Short descriptive text snippets =
Segment Open

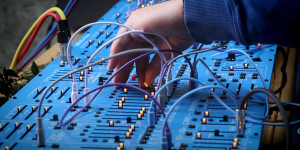 Beitragsbild des Blogbeitrags Two Behringer 2600 Blue Marvins In Comparison & In Interaction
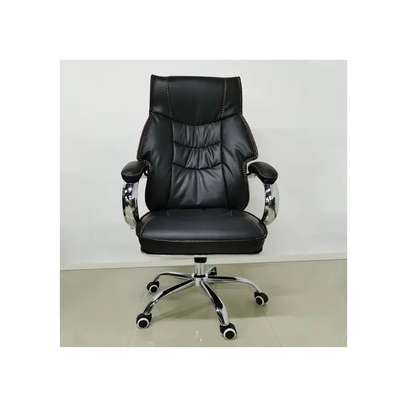 Office Chair: Leather Executive Office Chair image 3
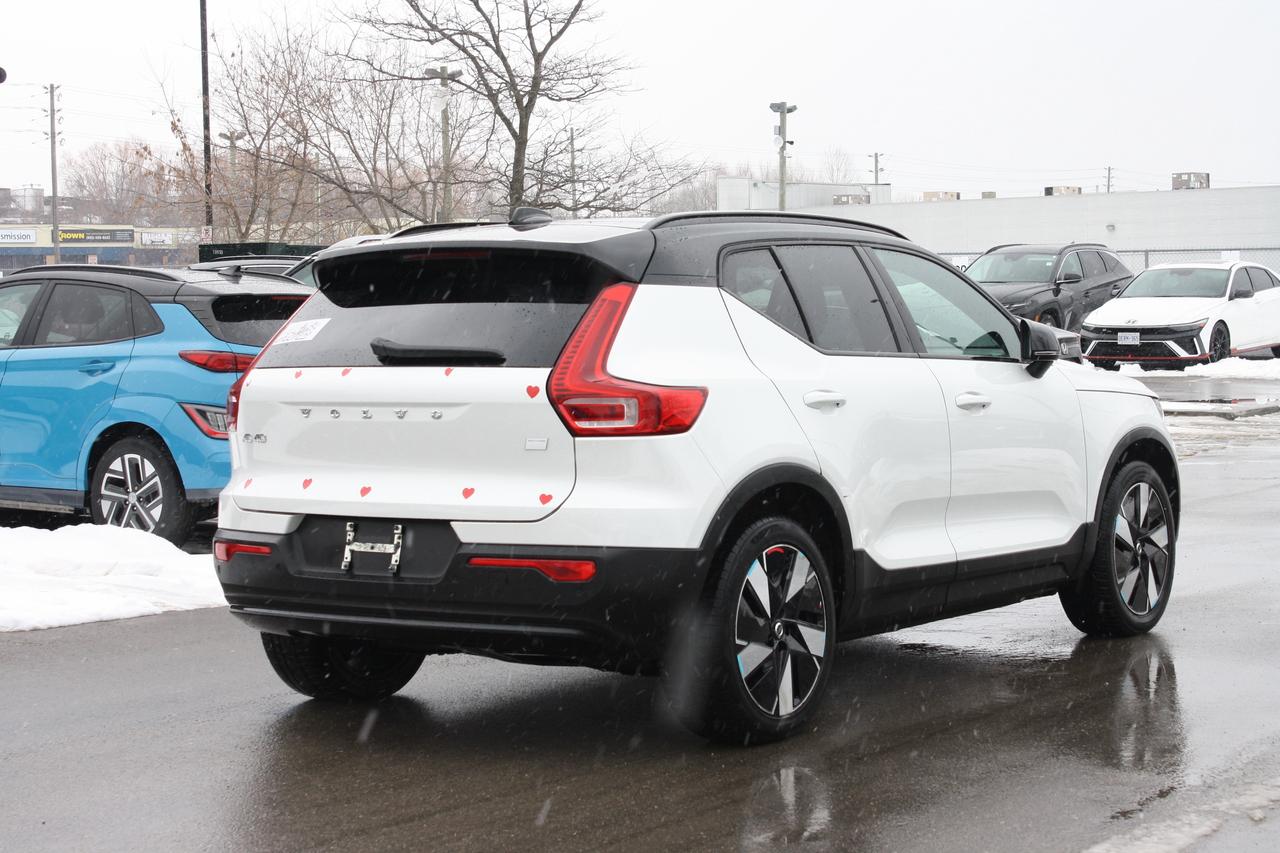 2024 Volvo XC40 Recharge Pure Electric RWD Core Photo4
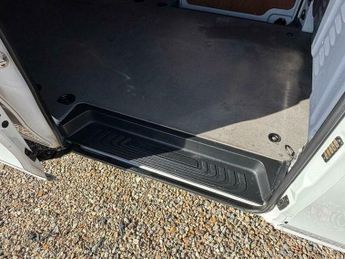 Mercedes-Benz Vito 2.0 116 CDI Progressive G-Tronic RWD L3 Euro 6 (s/s) 5dr (XLWB)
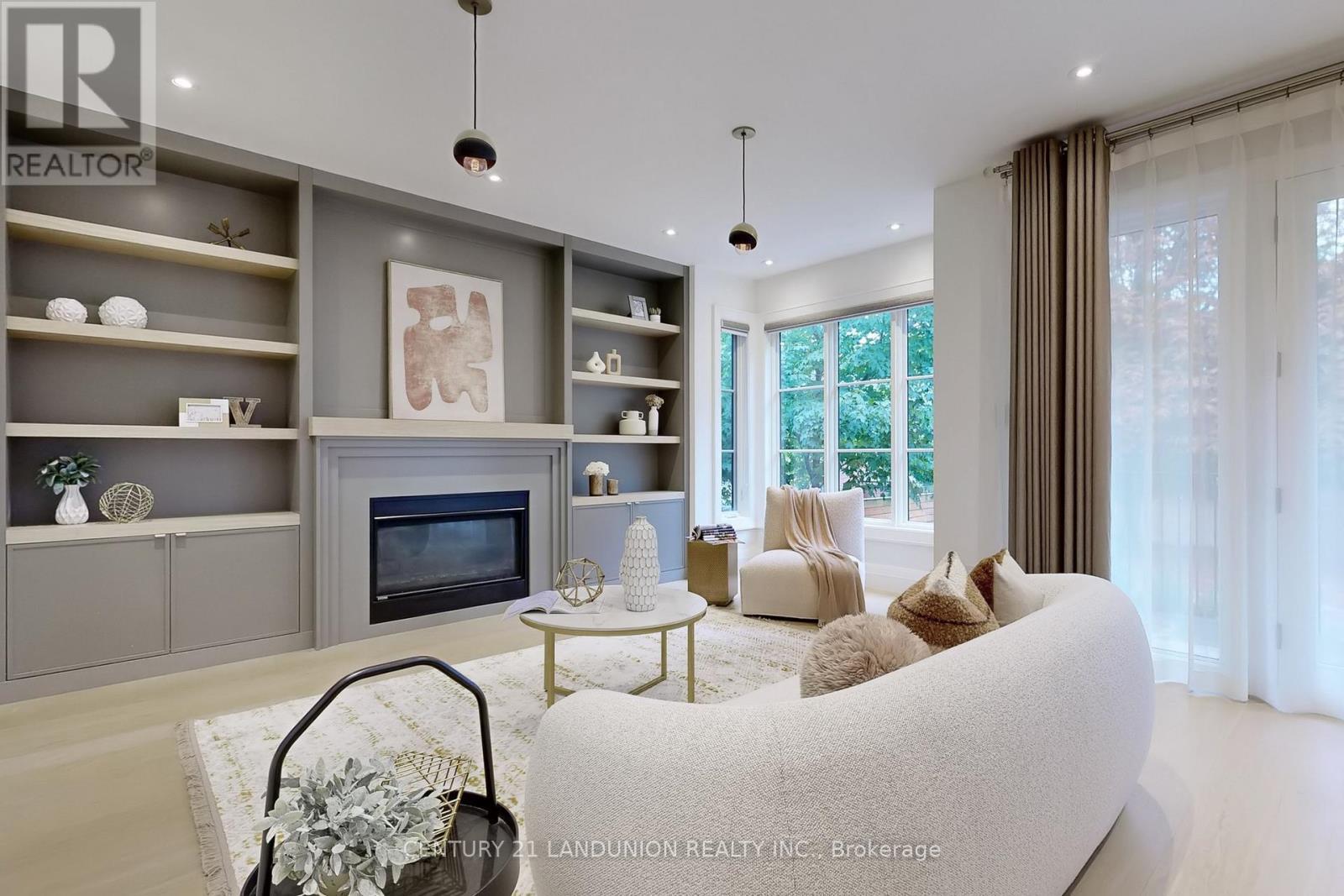 46 Elmsthorpe Avenue, Toronto, ON - Indoor With Fireplace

Segment Closed

Problem =
Begin at the first line of the entries and end at the line containing "2024 Volvo XC40": write out each line exactly, skipping pictures.

Reply =
 Beitragsbild des Blogbeitrags Two Behringer 2600 Blue Marvins In Comparison & In Interaction
 Office Chair: Leather Executive Office Chair image 3
 2024 Volvo XC40 Recharge Pure Electric RWD Core Photo4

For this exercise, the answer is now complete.